At SONIA, a competitive autonomous underwater vehicle team, I led the software team in a complete architectural overhaul of our submarine's control system. SONIA has a 17-year history in the international ROBOSUB competition, where autonomous submarines navigate complex underwater courses and interact with various objects.
Technical Challenge
The team was operating a stable but aging Java-based control system that had become difficult to extend and maintain. With a small team of 12 students, we needed an architecture that would:
- Support rapid development of new features
- Provide better environmental awareness through sensor fusion
- Enable easier onboarding of new team members
- Maintain operational capability throughout the transition
Architecture Design
I designed a three-layer ROS-based architecture that separated concerns while maintaining clear data flow:
- Provider Layer: At the foundation, the Provider Layer handled all device interactions, transforming raw sensor data from our DVL, IMU, sonar, and cameras into standardized ROS messages.
- Processing Layer: The middle Processing Layer became the heart of our system's intelligence. Here, we built a semantic mapping system that merged inputs from all our sensors, creating a comprehensive understanding of the submarine's environment. A sophisticated navigation node fused position data through Extended Kalman filtering.
- Decision Layer: The Decision Layer crowned the architecture, managing autonomous mission execution through behavior trees.
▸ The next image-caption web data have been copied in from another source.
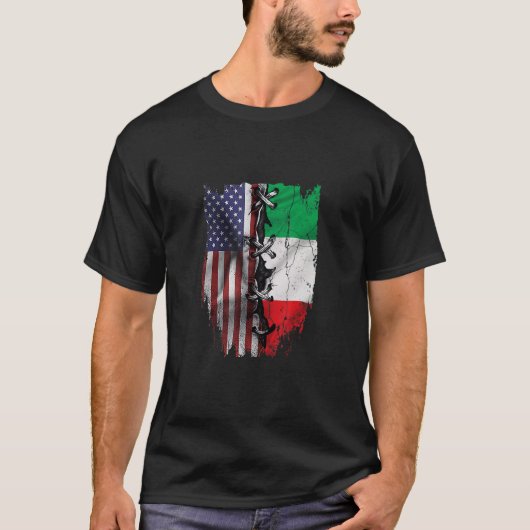 American Grown Italian Roots USA Italy Flag T-Shirt (Vorderseite)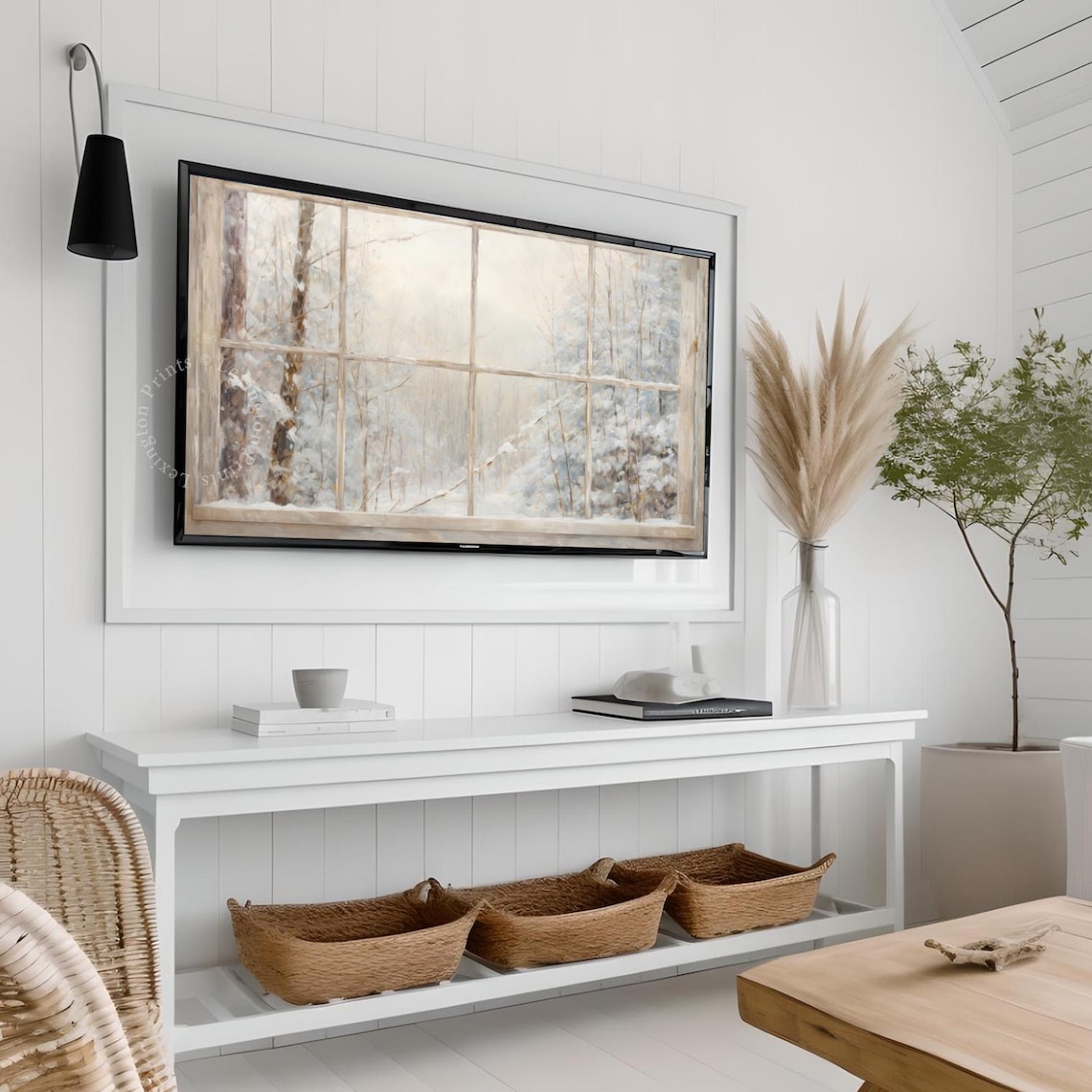 Snowy Window Christmas Forest Art Print, Cottagecore - Image 7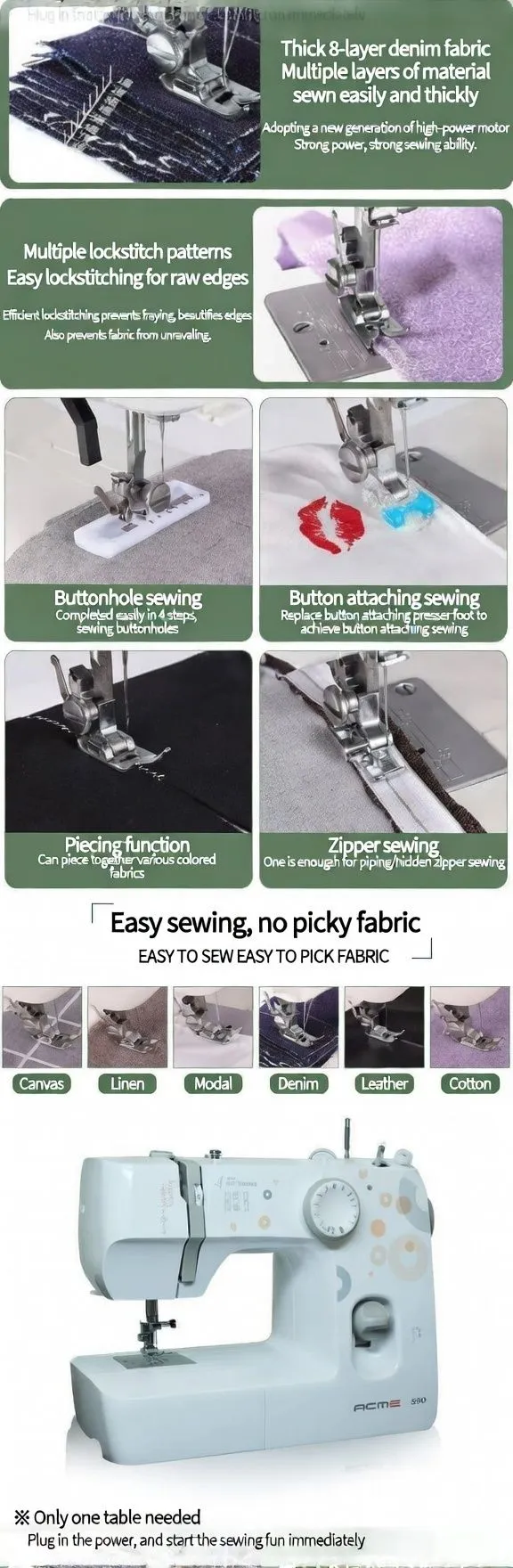 ACME 590 Portable Electric Household Sewing Machine with 4-Step Buttonhole and Multi-Stitch Selection for Beginners showcase 1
This layer maintained compatibility with our legacy mission scripts, allowing us to gradually transition mission behaviors while keeping the submarine competition-ready.
Implementation Strategy
To manage risk while delivering value, I developed an incremental migration approach. We began by rewriting individual sensor drivers, validating each against the legacy system.
The semantic mapping system was developed as a parallel process, running alongside our existing navigation code. This approach proved invaluable – we could demonstrate the new system's capabilities without risking competition performance.
Leadership Impact
Leading this transformation required more than technical expertise. I managed a team of five software developers while maintaining my full-time student status, coordinating closely with our mechanical and electrical teams for system integration. We established new coding standards and documentation practices, creating a foundation for long-term maintainability.
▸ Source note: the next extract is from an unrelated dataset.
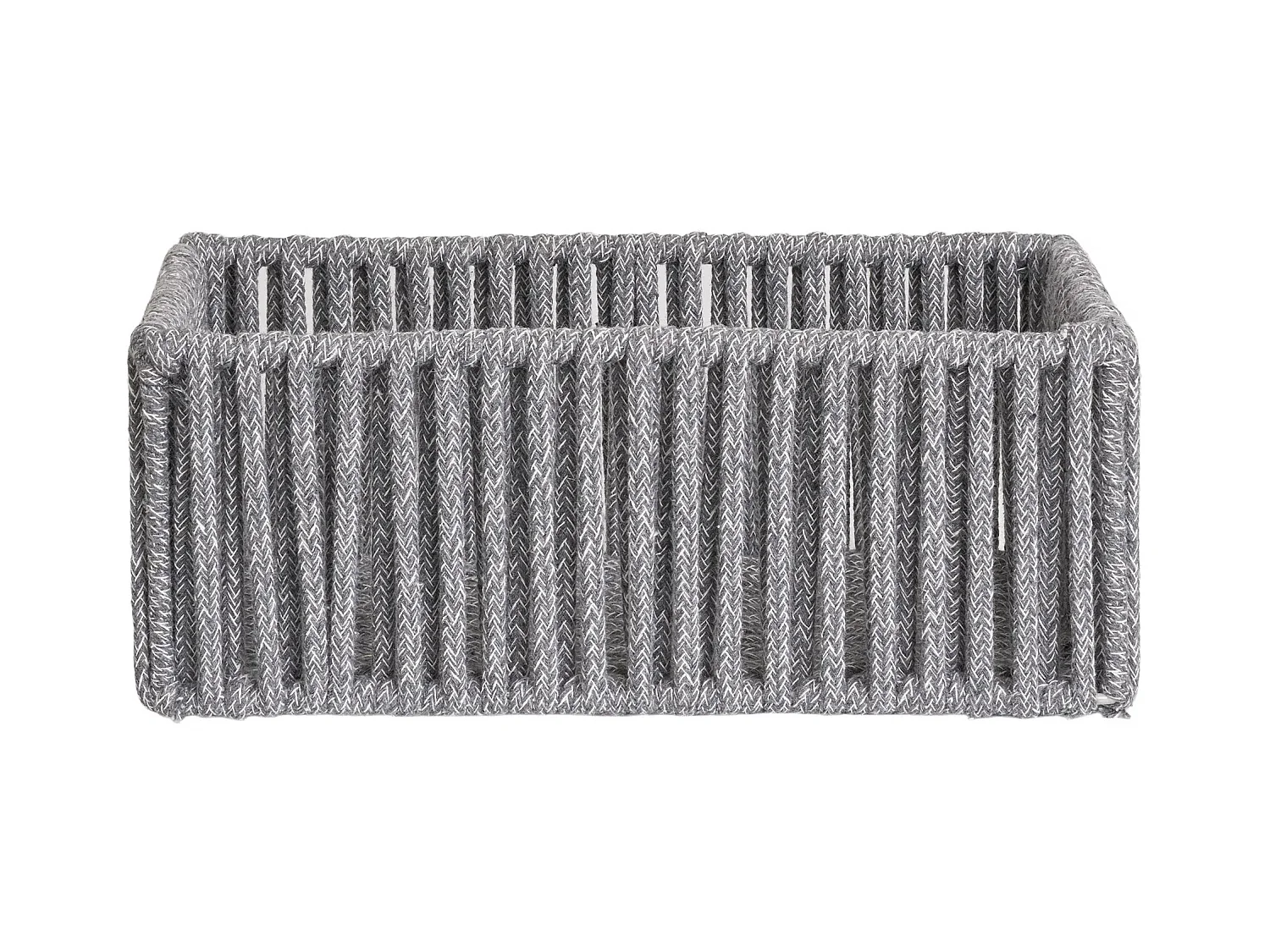 Lot de 3 paniers de rangement ARESE – Coton gris et métal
The mentoring aspect proved particularly rewarding. I worked with new team members to build their understanding of ROS development and autonomous systems, creating documentation and training materials that would serve future teams.
Results
The new architecture transformed our submarine's autonomous capabilities with measurable improvements across all systems.
Our semantic mapping system now fused multi-sensor data into a coherent world model, tracking objects in 3D space even when temporarily out of view. Our custom Extended Kalman filter, combining DVL, IMU, and depth sensor data, achieved better positional accuracy – critical for precise navigation during competition runs.
Real-time parameter tuning enabled quick adaptation to varying pool conditions. Development velocity increased dramatically: mission scripts now took days rather than weeks to develop, and system issues could be diagnosed through visualization tools rather than requiring multiple pool sessions.
The platform became the foundation for subsequent generations of SONIA's software stack.